I disagree with this. The real whining comes from publishers not bringing games that should be in the console. Switch 2 will have a “modern architecture” that allows it to be scalable even more than the original switch.
A new Switch model with much more “modern architecture” won’t have ANY more 3rd party support…in neither quality nor quantity…than what the original Switch had in the last 6 years.
It will be about the same support we have seen.
The number of 3rd parties that can fully take advantage of next-gen hardware is rapidly dwindling. The idea that 3rd party support will always be out of reach for Nintendo doesn't really ring true, because that would mean that 3rd party devs are matching the rate of hardware improvements, which just isn't the case. A bunch of AA devs are gonna stay in that PS4 range, and a Switch successor is in a great position to capture that market.
Those AA devs staying in that “ps4 range” could have already ported their games to the current Switch models if they really wanted to and saw an opportunity for significant sales.
If they haven’t already, it was because of low expectation of demand for their title…not because of the architecture.
A new, more powerful model doesn’t change this equation.
If devs/publishers of an AA “ps4 range” game are going to bother with porting to the Nintendo userbase, there is no way they would ignore the current 100 million Switch userbase and focus on the “New Switch model” as an exclusive anyways.
The idea is appealing to a larger Nintendo userbase…not focus on the much smaller Nintendo userbase just to make the theoretically best looking IQ wise portable console game they can make.
These decisions are always made on expected demand/sales…not output quality goals.
How big third party games can potentially sell I think is often overlooked and underrated. Even with how well crazy well Nintendo has been doing hardwares sales wise and first party games sales wise, Microsoft and Sony still have have higher revenues as far as their gaming divisions go. Yeah, they do spend much more than Nintendo does, but it does speak for how much a difference 3rd party support can make (and why Sony has been fighting so damn hard to prevent the future loss of CoD lol). So while spending as much as the other guys might not be the smartest move, finding that right balance could potentially go a long way.
It’s foolhardy to compare Nintendo with Xbox/ps in terms of software.
Xbox/ps success is almost entirely based on how much they control the 3rd party gaming market.
Nintendo success is almost entire based on its 1st party performance.
Completely different goals/strategies.
Nintendo would actually diminish their 1st party sales/appeal the more they took steps to compete for 3rd party sales like xbox/ps do. That’s why they don’t. That’s why they shouldn’t.

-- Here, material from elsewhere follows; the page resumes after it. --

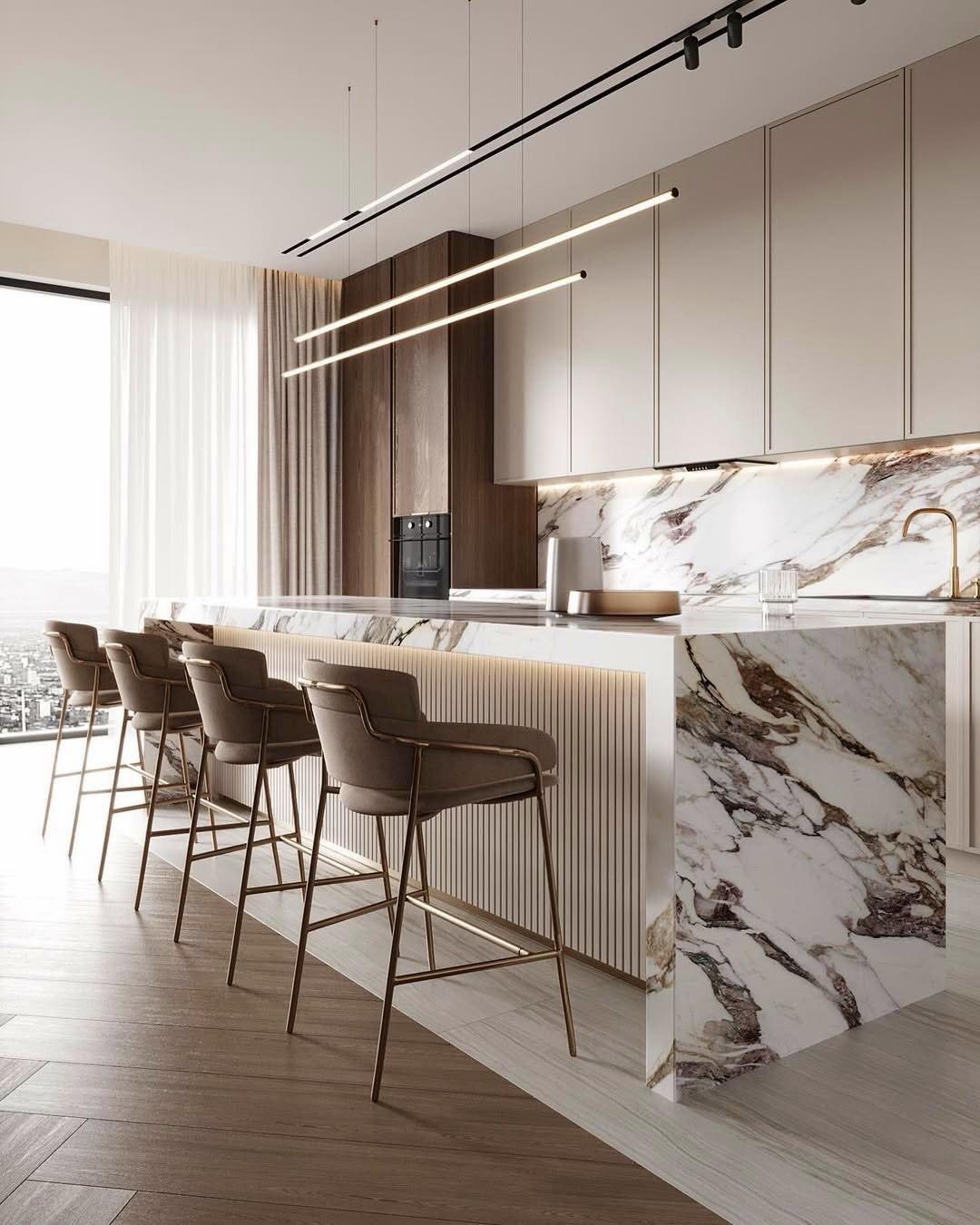 14. Contemporary White and Taupe Kitchen with Linear Lighting - luxury kitchen ideas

In order to increase 3rd party software sales, Nintendo would have to craft its hardware, redesign its online gaming services, and completely change their 1st party output to do this. To make 3rd party software make up 80% of sales like the Xbox/ps instead of Nintendo games making 80% of software sales.
Not gonna happen.
In the update the leaker mentions 次世代機. That's a successor, not a revision
What’s the translation of that that suggests that? Why is that the only thing not translated?

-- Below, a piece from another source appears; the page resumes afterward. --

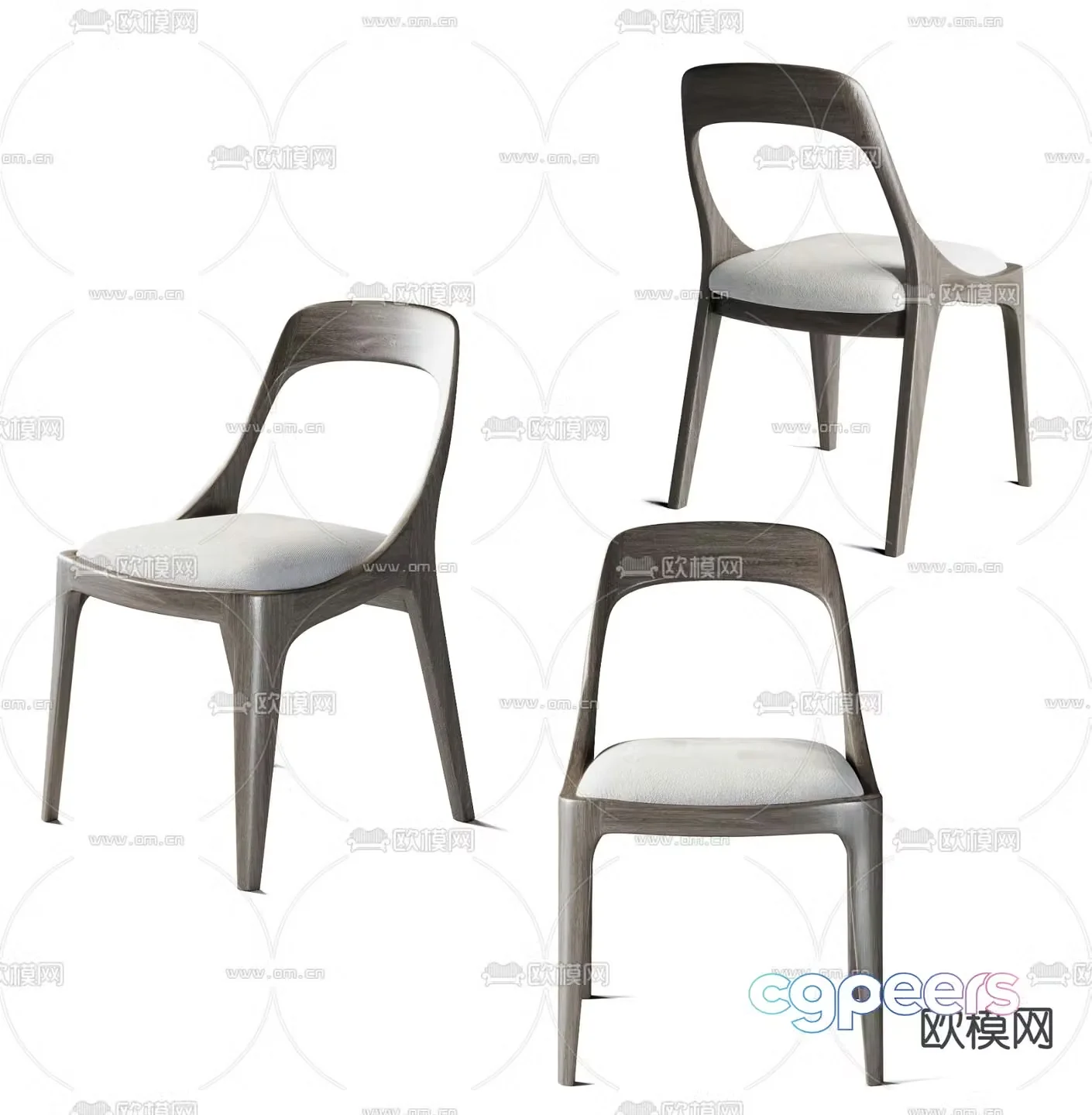 Poliform single chair dining chair 3d model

It won't, not hardware sales wise anyways, just like the 3DS didn't, and the Switch will be even more pointless than that was once the successor hits.
That’s a bad argument.
The 3ds sold ~7 million units the FY before the Switch released.

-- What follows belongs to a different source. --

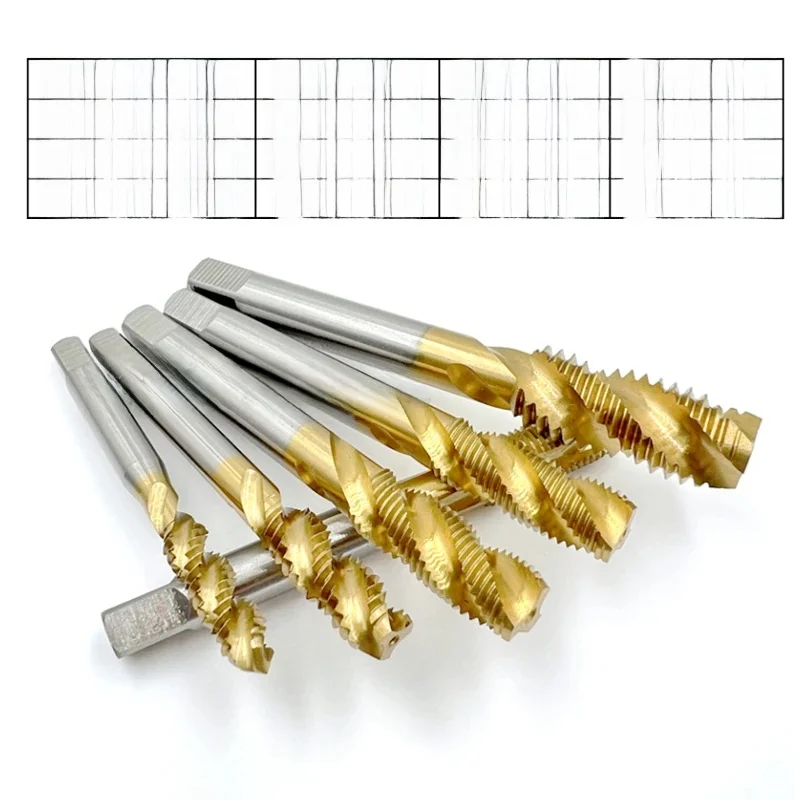 HSS Gwintowanie calowe 1/8 3/16 5/32 1/4 5/16 3/8 1/2 Wiertło tytanowe Narzędzie CNC Gwintownik Spiralny Prosty Rowek Narzędzia ręczne — zdjęcie 2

The Switch will have sold ~20 million units this FY.
By 2017, all Nintendo software development focused entirely on the Switch. Any game that would have been a portable Nintendo title went to the Switch instead of the 3ds. This is why the 3ds died so quickly.
In 2023/2024, at least 99% of Nintendo games will still be focused to run on current Switch models.
You think the OLED Switch will lose almost all support in 2024? lol
In 2017/2018 most Nintendo software was bought for the Switch, not the 3ds. In 2023/2024/2025, most Nintendo software will be bought for the models that are currently on the market now, not the new model.